> [Task directions] Below are entries; copy exactly the lines from the one with "Úsek Divišov - Velešovice, Dálnice D1 - Mapa" through the one with "Moleskine 2025 12-Month", both included, and leave out the rest.

+++ Task input +++

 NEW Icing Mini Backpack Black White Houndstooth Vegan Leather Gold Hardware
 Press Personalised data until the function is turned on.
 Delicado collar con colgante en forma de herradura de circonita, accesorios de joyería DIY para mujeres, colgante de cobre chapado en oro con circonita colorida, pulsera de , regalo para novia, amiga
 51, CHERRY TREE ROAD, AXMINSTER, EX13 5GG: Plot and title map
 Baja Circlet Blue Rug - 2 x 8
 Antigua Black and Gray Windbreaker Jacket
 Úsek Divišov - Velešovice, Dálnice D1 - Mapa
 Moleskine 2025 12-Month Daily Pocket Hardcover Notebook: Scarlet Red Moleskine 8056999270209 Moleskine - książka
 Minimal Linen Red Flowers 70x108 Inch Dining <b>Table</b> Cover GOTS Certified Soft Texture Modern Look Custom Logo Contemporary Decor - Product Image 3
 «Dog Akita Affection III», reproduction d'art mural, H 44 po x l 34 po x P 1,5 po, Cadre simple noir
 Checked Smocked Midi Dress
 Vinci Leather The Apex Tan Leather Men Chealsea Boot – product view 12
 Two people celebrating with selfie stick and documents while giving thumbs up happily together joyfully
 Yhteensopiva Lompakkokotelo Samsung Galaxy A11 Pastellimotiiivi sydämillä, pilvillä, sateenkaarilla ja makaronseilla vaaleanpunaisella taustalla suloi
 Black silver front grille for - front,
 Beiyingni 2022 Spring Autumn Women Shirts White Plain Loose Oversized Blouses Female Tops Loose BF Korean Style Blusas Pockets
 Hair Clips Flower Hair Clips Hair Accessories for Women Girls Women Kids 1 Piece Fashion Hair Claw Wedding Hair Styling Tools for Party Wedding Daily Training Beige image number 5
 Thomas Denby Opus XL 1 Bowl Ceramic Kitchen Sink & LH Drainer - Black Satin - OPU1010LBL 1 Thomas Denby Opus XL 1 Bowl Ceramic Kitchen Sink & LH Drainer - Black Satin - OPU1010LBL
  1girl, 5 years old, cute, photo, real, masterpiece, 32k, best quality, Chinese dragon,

+++

> [Result of this task]
 Úsek Divišov - Velešovice, Dálnice D1 - Mapa
 Moleskine 2025 12-Month Daily Pocket Hardcover Notebook: Scarlet Red Moleskine 8056999270209 Moleskine - książka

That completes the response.